Prime Minister Hun Sen repeated Monday that he is entitled to remain prime minister since the CPP received the most votes in the July 27 general elections.
“I am the winner of the election…. If the election winner is always dismissed, please encourage the country to not have elections,” he said during a graduation ceremony at the Royal Administration School.
On Saturday, King Norodom Sihanouk expressed his support for Hun Sen’s continued premiership and urged the other two parties to accept him as well.
Sam Rainsy Party Senator Ou Bunlong Monday said the Alliance of Democrats had agreed to accept Hun Sen’s nomination for the position. But the Alliance has said it cannot guarantee Hun Sen will receive the two-thirds vote required to retain his post as prime minister.
Ou Bunlong added that though no specific date had been scheduled, he expected the next tripartite meeting would occur sometime after Jan 7.
Hun Sen also said Monday that he was urging French Ambassador Yvon Roe d’Albert to educate French Cambodians about “the law,” pointing out that Khmer Rouge leaders Pol Pot, Khieu Samphan and Son Sen had all studied in France.
“I wonder that all those people are from France. Please Excellency, Ambassador, call these French men to the Embassy to educate them about the law,” Hun Sen said.
Hun Sen added that some people who received French schooling tended to be “extremist.”
“I do not know how France has educated them,” he said. “Please help correct France’s schools. But it is not France’s fault or the school’s fault but the fault of the individual.”
The comments appeared to be a veiled insult to opposition leader Sam Rainsy and Funcinpec President Prince Norodom Ranariddh, both of whom were educated in France, though the premier did not mention them by name.
Funcinpec Deputy Secretary-General Ok Socheat defended French-educated Cambodians, including his party’s president.
“They are not extremists,” he said, countering Hun Sen’s statements with criticisms of his own. “He has violated us for many years.”
The political dispute between the three main parties has dragged on for about five months with no resolution on how to form the new government and National Assembly.
In recent weeks, members of the Sam Rainsy Party and Funcinpec’s Alliance of Democrats have called the CPP’s proposal to hold a simultaneous parliamentary vote on government and Assembly leadership
positions “unconstitutional,”
saying parliament must approve Assembly positions first.
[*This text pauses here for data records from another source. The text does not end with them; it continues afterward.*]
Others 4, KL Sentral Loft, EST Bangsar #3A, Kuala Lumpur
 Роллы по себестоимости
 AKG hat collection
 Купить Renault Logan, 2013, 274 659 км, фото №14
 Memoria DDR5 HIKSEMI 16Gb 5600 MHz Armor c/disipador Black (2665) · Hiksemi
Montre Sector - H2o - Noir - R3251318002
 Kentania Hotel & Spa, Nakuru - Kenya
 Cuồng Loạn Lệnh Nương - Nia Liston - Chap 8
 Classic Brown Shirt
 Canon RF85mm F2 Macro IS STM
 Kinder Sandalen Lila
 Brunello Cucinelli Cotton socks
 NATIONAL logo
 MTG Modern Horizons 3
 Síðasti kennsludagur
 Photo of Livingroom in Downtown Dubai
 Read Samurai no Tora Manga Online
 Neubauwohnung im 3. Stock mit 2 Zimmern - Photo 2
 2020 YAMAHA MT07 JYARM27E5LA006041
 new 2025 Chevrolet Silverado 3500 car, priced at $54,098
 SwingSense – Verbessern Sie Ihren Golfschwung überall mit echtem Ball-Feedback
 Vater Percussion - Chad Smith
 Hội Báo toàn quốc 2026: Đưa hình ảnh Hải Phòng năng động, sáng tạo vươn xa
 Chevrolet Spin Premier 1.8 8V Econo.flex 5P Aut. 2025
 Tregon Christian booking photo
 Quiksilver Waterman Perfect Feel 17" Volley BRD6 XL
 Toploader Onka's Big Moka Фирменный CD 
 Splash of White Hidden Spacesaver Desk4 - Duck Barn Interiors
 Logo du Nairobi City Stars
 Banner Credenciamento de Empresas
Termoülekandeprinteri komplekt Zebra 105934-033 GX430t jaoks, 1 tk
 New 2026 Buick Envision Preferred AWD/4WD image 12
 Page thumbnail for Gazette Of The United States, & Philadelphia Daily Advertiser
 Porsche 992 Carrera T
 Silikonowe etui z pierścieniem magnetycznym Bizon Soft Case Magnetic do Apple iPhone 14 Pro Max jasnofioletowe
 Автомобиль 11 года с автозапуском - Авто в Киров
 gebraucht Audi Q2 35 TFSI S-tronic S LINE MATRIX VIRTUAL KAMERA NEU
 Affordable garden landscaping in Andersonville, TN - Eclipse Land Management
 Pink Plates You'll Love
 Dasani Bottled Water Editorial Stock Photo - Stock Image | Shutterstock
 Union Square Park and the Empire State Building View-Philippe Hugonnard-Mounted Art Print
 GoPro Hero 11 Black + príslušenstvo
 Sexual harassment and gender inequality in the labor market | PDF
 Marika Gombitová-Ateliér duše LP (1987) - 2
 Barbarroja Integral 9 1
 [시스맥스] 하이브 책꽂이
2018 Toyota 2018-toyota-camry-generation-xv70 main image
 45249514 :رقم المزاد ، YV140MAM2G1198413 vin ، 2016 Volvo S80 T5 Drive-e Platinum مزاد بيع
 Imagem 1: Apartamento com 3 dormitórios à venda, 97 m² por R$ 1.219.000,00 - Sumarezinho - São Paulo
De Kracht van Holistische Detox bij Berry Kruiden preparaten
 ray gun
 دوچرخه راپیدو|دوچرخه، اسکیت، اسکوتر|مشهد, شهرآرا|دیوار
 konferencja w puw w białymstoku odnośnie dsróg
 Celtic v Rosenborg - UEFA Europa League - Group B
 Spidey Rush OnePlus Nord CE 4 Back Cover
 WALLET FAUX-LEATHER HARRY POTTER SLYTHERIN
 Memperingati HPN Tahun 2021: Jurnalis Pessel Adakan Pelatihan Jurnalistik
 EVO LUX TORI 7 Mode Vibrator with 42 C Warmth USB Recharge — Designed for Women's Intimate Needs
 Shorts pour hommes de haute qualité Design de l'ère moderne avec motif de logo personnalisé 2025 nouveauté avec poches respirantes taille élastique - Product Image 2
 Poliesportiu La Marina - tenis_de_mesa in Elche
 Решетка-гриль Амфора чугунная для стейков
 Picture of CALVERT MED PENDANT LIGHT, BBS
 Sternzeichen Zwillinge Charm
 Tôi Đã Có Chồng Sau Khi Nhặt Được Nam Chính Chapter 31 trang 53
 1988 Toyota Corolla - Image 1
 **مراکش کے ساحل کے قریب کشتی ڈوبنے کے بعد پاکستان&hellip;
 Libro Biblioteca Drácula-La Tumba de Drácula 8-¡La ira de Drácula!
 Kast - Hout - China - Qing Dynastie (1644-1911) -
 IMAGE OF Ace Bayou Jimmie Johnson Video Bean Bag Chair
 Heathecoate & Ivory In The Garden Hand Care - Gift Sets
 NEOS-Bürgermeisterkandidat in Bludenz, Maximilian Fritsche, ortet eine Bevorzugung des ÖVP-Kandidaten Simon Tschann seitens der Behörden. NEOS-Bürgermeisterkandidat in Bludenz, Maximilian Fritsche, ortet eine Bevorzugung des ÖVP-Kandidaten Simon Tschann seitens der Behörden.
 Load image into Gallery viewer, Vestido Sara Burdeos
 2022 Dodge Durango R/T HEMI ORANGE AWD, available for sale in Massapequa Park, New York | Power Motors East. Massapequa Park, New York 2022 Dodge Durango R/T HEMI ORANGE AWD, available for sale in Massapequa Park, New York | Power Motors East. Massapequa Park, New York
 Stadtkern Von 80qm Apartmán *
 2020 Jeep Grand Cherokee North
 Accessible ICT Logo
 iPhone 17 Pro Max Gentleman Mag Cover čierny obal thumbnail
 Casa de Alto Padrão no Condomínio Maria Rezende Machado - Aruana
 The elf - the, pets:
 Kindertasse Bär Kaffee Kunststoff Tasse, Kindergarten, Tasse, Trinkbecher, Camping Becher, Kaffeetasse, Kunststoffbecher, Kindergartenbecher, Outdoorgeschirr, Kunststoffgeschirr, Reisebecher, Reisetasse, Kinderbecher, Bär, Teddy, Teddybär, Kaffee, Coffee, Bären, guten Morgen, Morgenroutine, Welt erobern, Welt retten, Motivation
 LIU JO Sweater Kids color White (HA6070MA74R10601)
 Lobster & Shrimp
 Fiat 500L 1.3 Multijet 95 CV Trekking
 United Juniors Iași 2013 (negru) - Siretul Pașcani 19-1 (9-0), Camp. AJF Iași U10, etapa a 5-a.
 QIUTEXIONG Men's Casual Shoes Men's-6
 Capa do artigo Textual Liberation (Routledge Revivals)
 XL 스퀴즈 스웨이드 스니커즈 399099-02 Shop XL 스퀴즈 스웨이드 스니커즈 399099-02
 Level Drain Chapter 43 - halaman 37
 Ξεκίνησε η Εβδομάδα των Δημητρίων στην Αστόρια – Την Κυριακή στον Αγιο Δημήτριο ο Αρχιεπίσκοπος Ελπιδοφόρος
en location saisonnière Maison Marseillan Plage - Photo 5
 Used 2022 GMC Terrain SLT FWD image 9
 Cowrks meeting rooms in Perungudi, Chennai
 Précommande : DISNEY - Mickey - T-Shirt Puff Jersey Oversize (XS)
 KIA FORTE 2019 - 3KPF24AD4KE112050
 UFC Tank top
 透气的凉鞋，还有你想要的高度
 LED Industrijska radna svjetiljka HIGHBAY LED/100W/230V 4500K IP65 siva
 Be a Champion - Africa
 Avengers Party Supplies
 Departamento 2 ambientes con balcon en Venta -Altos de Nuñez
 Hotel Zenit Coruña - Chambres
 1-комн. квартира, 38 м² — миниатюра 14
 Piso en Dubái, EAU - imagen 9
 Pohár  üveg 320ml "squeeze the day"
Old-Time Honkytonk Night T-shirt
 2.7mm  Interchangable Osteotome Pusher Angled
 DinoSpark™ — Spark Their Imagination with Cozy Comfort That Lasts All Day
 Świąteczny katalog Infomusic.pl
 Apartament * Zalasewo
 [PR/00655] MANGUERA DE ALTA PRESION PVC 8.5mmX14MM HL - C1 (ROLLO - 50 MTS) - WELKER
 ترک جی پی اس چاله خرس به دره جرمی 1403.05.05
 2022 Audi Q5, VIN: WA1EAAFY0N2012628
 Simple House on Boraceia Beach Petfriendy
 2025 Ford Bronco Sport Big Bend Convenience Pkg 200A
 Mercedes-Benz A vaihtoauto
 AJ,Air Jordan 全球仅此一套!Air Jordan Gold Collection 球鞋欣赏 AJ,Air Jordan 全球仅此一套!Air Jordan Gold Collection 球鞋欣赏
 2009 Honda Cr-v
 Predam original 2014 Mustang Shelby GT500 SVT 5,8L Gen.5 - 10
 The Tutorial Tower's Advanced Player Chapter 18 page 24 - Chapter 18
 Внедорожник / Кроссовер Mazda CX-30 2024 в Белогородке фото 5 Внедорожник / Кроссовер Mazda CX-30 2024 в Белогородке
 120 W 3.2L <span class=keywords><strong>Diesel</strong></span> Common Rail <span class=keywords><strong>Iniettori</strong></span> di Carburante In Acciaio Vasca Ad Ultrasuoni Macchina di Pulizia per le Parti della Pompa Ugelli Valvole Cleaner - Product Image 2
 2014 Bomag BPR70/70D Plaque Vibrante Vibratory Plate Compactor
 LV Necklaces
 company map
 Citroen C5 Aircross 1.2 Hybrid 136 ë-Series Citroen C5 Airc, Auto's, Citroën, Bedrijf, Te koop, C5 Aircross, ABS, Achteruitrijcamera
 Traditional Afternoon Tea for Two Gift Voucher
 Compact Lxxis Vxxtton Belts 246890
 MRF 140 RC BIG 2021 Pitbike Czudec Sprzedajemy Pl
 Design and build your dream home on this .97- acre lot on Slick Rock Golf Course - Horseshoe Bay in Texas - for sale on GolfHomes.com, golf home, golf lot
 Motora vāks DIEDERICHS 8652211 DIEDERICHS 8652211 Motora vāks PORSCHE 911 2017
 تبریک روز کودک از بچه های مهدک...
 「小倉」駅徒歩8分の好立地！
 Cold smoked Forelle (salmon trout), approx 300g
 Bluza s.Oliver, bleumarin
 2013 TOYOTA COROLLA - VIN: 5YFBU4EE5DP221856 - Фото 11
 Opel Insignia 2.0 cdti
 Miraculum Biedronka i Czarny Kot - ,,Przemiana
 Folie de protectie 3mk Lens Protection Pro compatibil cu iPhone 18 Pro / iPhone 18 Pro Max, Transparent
The CPP has insisted its plan is lawful.
In his speech, Hun Sen said he recently met with Funcinpec Deputy Secretary-General Nhiek Bun Chhay, who delivered him some conditions that the Alliance required for resolving the deadlock.
The Alliance has maintained it must hammer out the political platform of the new government ahead of any negotiations on
government and legislative positions.
The premier said that during his meeting with Nhiek Bun Chhay, he approved of some points which he found acceptable, and rejected those that he found unacceptable. But he did not elaborate.
Nhiek Bun Chhay could not be reached for comment on Monday.